I am listening to Ravels Bolero through my new Sonos toy. The music with its ratter-tat-tat snare drum background, the various instruments coming in, one after the other, repeating a haunting musical refrain. Slowly the volume increases, the sound swells until, as if in crisis, the shrill and dramatic cry from the strings plunges the whole orchestra into a torment, like an agonised animal in its last dying throes leaving a final crescendo of sound followed by an equally dramatic void when the music stops.
Jack Johnson's easy strolling lyrics, Maria Callas glissading up and down the scales with perfect pitch and sublime control, music on tap as never before.
One of the first records I chose was Enrico Caruso singing an aria from Puccini. The recording was old and you could hear on the track the scratches of the steel needles which were used in those days. It was the self same record I have upstairs, a vinyl 78 one of many, a precious memory of my Mother and Father and the music we played when I was young.
With a catalogue of thousands there isn't a song or piece that isn't available. 
Fore-instance I have just switched, between paragraphs, to Bluesology played by the fabulous Modern Jazz Quartet, how easy was that ? 

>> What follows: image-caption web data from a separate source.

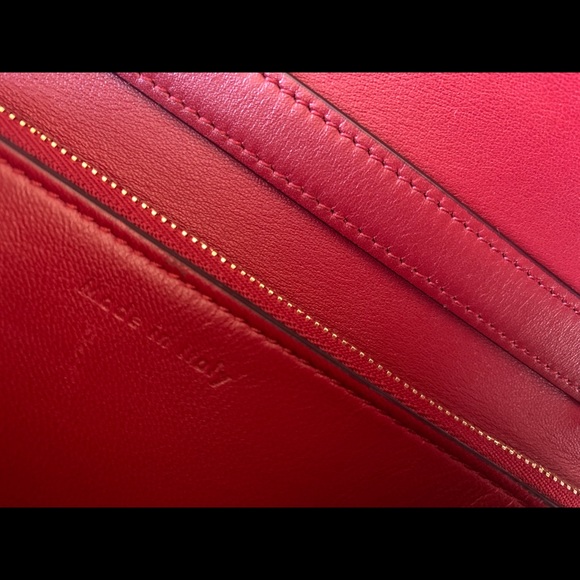 Celine Box - Picture 5 of 6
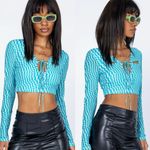 Princess Polly NWT  Winston top‎ cut out cropped long sleeve Photo 1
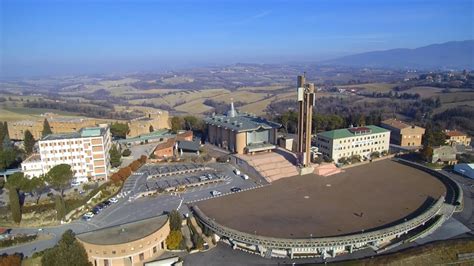 Vista panoramica del Santuario dell'Amore Misericordioso a Collevalenza
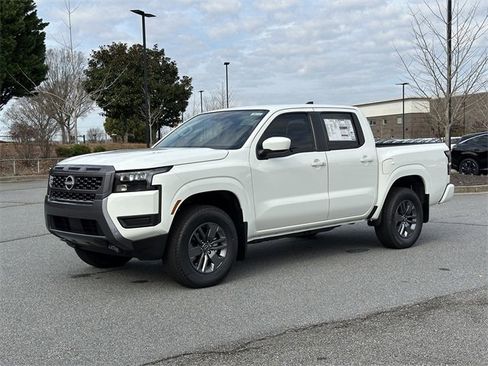 New 2026 Nissan Frontier SV image 3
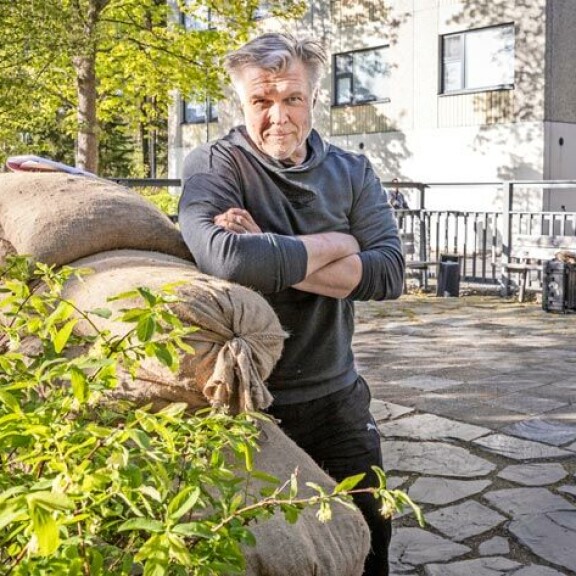 Petri Kotwica opiskeli Taideteollisessa elokuvaohjausta keväällä 1994, kun Lahdessa alkoi Suomen rikoshistorian kuuluisin piiritystilanne. – Tapaus oli päivänpolttava puheenaihe. Petri Kotwica opiskeli Taideteollisessa elokuvaohjausta keväällä 1994, kun Lahdessa alkoi Suomen rikoshistorian kuuluisin piiritystilanne. – Tapaus oli päivänpolttava puheenaihe.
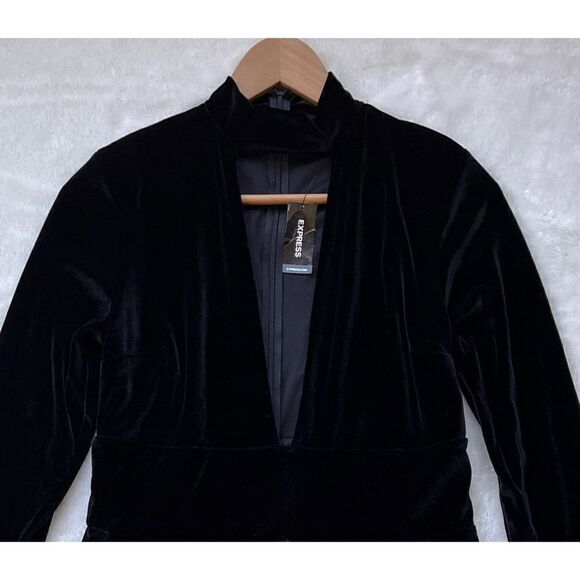 NWT Express Velvet Mock Neck Choker Cut Out Plunge Long Sleeve Romper, Medium - Picture 11 of 14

I remember going to the St George's Hall in Bradford to sit enraptured as those jazz giants performed on stage. Ella Fitzgerald and Oscar Peterson, Dizzy Gillespie all our American heroes in the flesh and only a 'trolley bus' ride away !!
Now at the tap of a computer key the sound floods out from the speaker. Missing of course is the excitement of sitting 10 rows back and being carried along with the enthusiasm of the ones fellow acolytes but then you can not have everything and anyway a glass of wine at the elbow and not having to queue in the wet draughty street for the last bus home has something to recommend it.